[What to do]: Set down only the lines from the one containing "Oly on Ice, Olympia, pop-up" through the final line of the entries below, exactly as they stand, with no pictures.

[Short web captions]
Start of Block
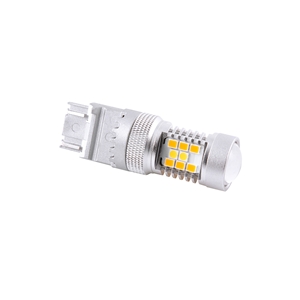 Diode Dynamics 4257 Front Turn Signal Bulbs - 4257 LED HP24 Single Cool White/Amber Switchback Turn Signal Bulb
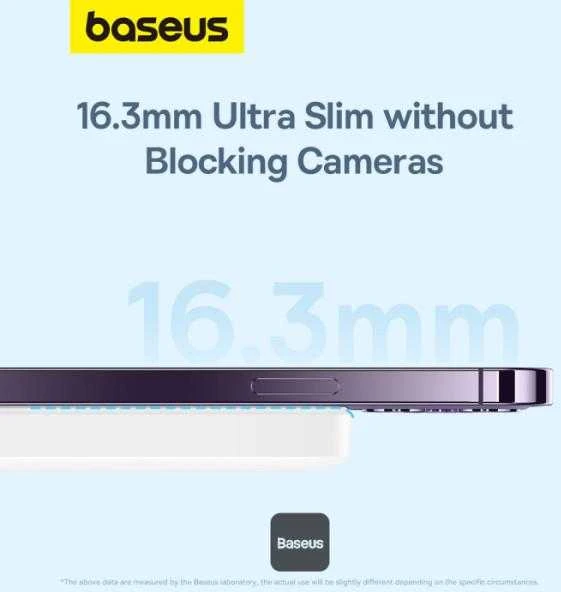 Baseus Magnetic Mini 6000mAh 20W MagSafe Powerbank (balta)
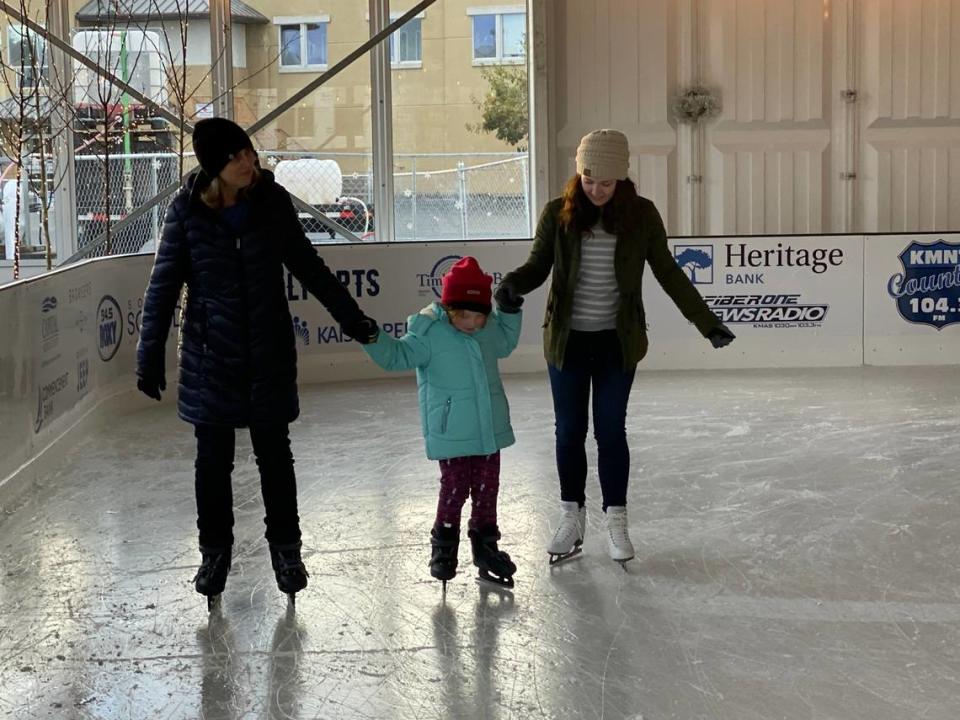 Oly on Ice, Olympia, pop-up ice skating rink at Isthmus Park, closes for the season on Monday, Jan. 15.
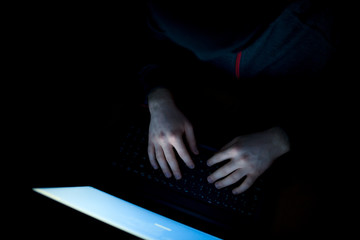 Computer crime concept.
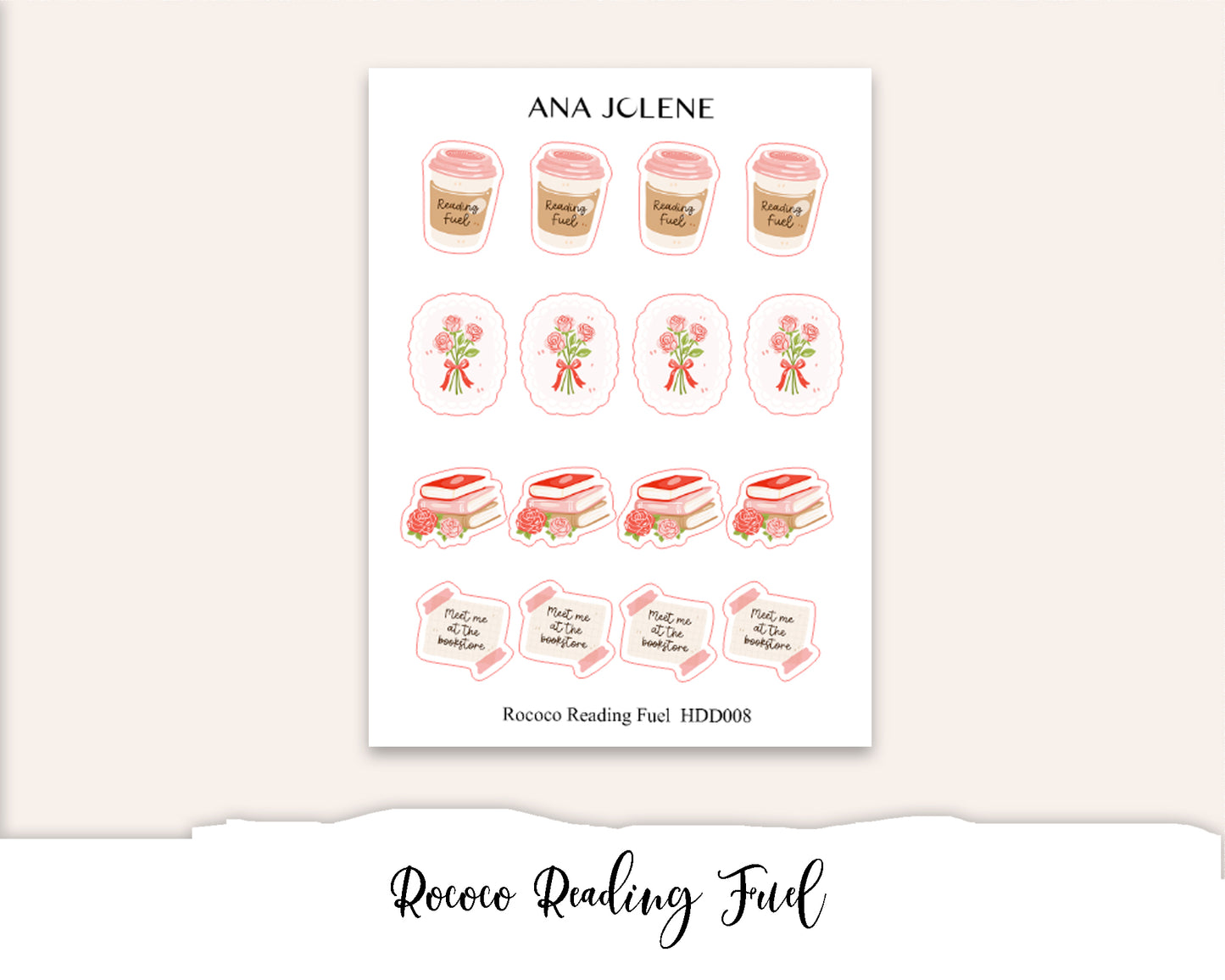ROCOCO BOOKS Deco Stickers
End of Block
[Solution to this exercise]:
 Oly on Ice, Olympia, pop-up ice skating rink at Isthmus Park, closes for the season on Monday, Jan. 15.
 Computer crime concept.
ROCOCO BOOKS Deco Stickers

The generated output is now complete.